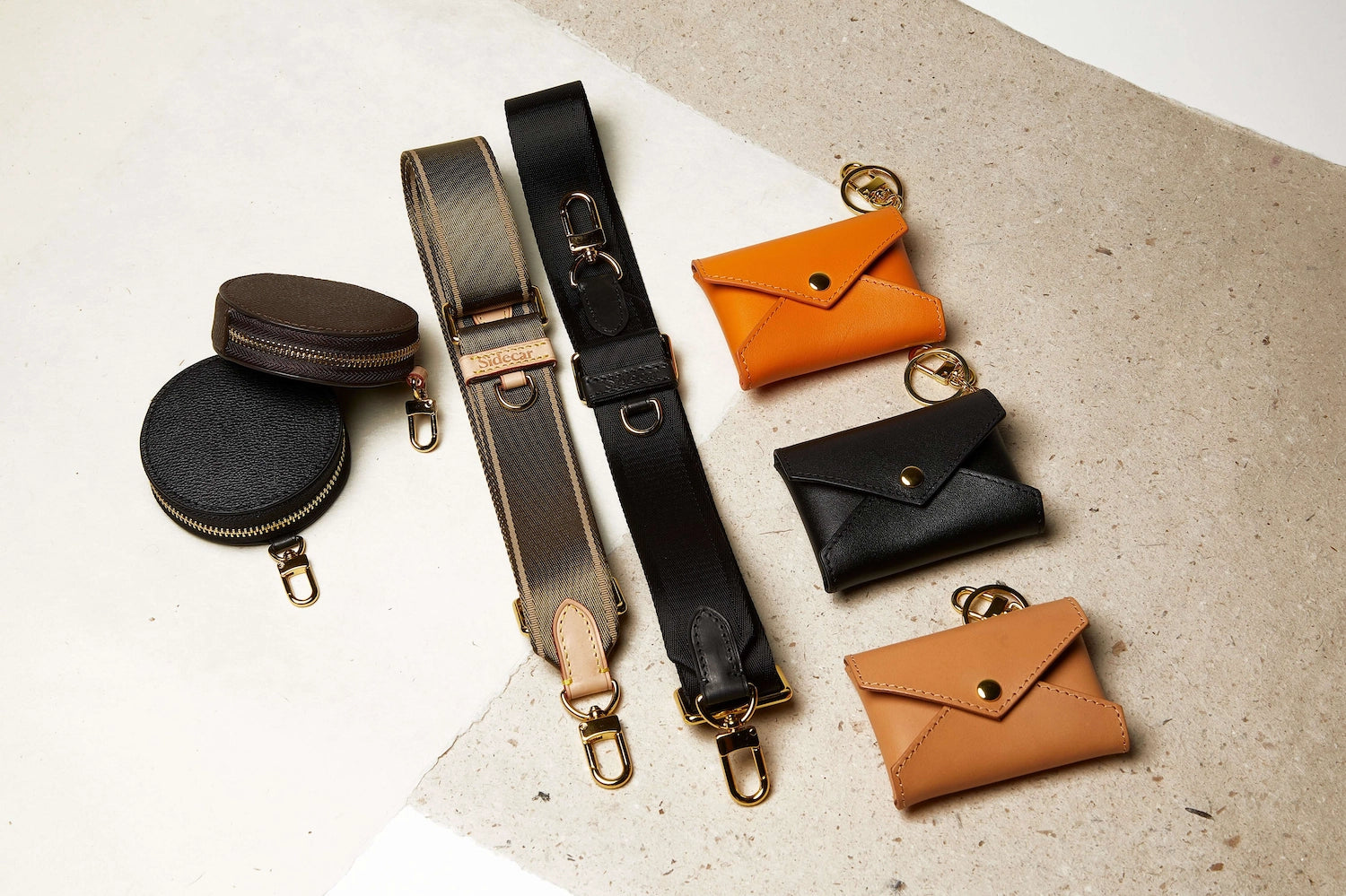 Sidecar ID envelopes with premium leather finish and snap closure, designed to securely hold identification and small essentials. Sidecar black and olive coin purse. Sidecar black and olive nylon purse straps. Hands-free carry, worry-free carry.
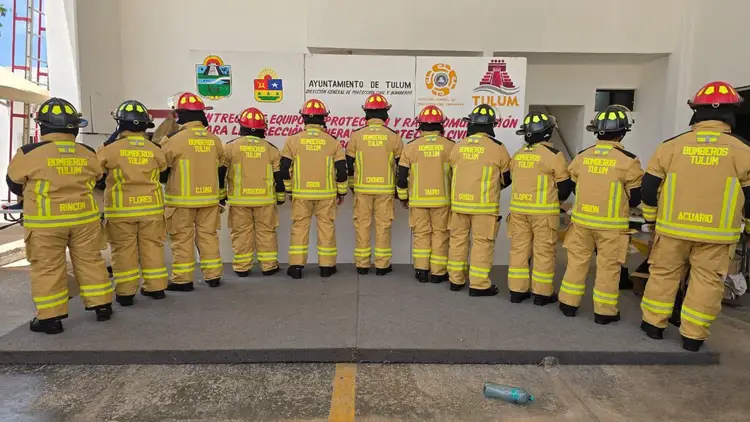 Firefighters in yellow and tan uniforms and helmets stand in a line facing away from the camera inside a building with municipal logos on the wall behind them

***

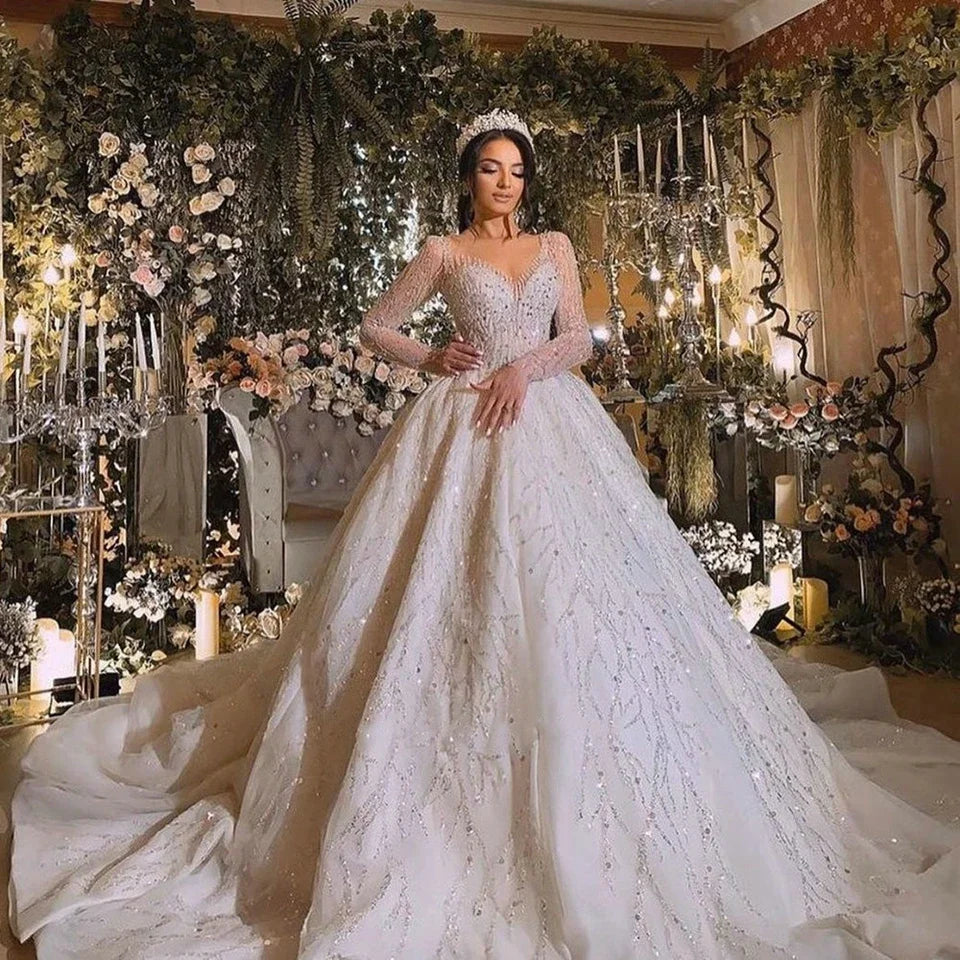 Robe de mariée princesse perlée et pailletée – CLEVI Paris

***

Look above and copy only the lines from the one holding "Sidecar ID envelopes" to the one holding "Firefighters in yellow", both included, exactly, minus the pictures.

- [RESULT BELOW]:
 Sidecar ID envelopes with premium leather finish and snap closure, designed to securely hold identification and small essentials. Sidecar black and olive coin purse. Sidecar black and olive nylon purse straps. Hands-free carry, worry-free carry.
 Firefighters in yellow and tan uniforms and helmets stand in a line facing away from the camera inside a building with municipal logos on the wall behind them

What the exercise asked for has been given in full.